What inspired you to make Woman at War?

The state of the world… the apocalyptic. The world needs saving, more than ever before. Climate change issues are really complicated, and they touch on many areas of our lifestyle and society, both personal and political. And l wanted a film that could create some new and positive insight into the subject.

You touch on a few issues in this film….environment, society, corporate responsibility, or lack thereof…one of the issues that particularly interested me was the way a message can be controlled and subverted by spin doctors.

Exactly. It’s an old lesson that goes back to the start of democracy. Even the name PR, public relations, it started as PM, public manipulation. They changed it to PR for better public relations.

Probably didn’t focus group well.

It is all about the narrative, and storytelling. I am PM because I’m manipulating my viewers…and so are politicians…this is a very grey area.

The pseudonym Halla goes by “The Mountain Woman” is she a folk hero, or a figure of myth….?

It is a symbol, a spirit, a goddess, one of Icelandic national symbols. Such symbols are common in Europe. We have Britanica in England, after the Celtic queen that fought the Romans, we have Helvetia for the Swiss, and I think even the French have something like this. We have the Mountain Woman. On our national day there is an actress dressed up as the mountain woman and she recites poetry. She’s the keeper of our Independent spirit and our nature. Kind of a protecting angel.

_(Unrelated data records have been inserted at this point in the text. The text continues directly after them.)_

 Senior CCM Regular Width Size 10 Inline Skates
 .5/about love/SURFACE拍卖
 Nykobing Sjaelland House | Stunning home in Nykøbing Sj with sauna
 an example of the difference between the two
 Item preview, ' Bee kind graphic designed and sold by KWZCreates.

Was it difficult to cast Halla?

It was obvious at the end, but I had to go along way, longer than I should have. His often like this, often you go over the river many times to fetch the water. I was very grateful for her to accept the role. She in many ways was an inspiration for it. She is one of the woman at war in Iceland, one of the Amazons active in the feminist debate. We have many strong women like that.

And of course Halldóra Geirharðsdóttir gets to play dual roles. You set up a dialectic between the two sisters, one seeking to effect outside change (through bucking the system), the other focusing inside, to change herself. Where do you think our responsibility lies, to promote external or internal change?

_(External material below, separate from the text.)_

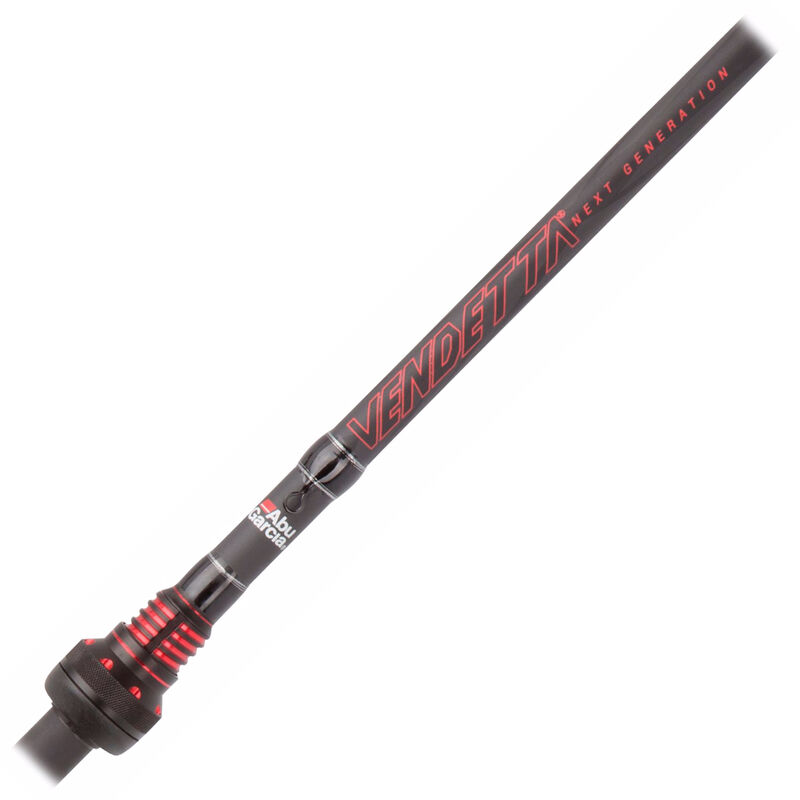 Abu Garcia Vendetta Casting Rod image number 3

We have a responsibility to both. We have to go inside to get the wisdom to react outside. Yet at the same time it is not enough to take care of just yourself, we are responsible for the environment, and each other. We are on a dangerous path as the human race, and have to react.

You’ve alternatively described Woman at War as an eco-thriller and a fable. Which do you feel it is?

It’s a bastard this film. I mix it all the time and I like to mix it, so I can go whatever you want. I can call it environmental-action-arthouse-thriller…and a musical. And Comedy! Both England and Germany have called this a comedy…I was not making a comedy! I was making it straight. So just choose what you think is best.

How did the score become so incorporated into the film, to an extent that the band and singers not merely appear in the background, but interact with characters?

I like to work with music and musicians, and I come from a theatre background. It is a Greek chorus. We discovered pretty early on in theatre that musicians on stage won’t hypnotize the public so they forget about the actors. It is an old device and I think it’s fun. I like to comment musically, l think we are stuck in a film cliche, and I like to play with that.

It’s just been announced that Woman at War is getting a Hollywood remake, how do you feel about that?

I feel great about that. I’m honored that Jodie Foster wants to take up the mission of this film and carry it into American Society. Because America are a young nation, so they have problems with understanding other cultures. So it’s great that someone like Jodie wants to help them and make a beautiful American film about it. She’s the best choice I think. It’s very important for Americans too… they are fucked these days… I think they need the “Mountain Woman” there to help them.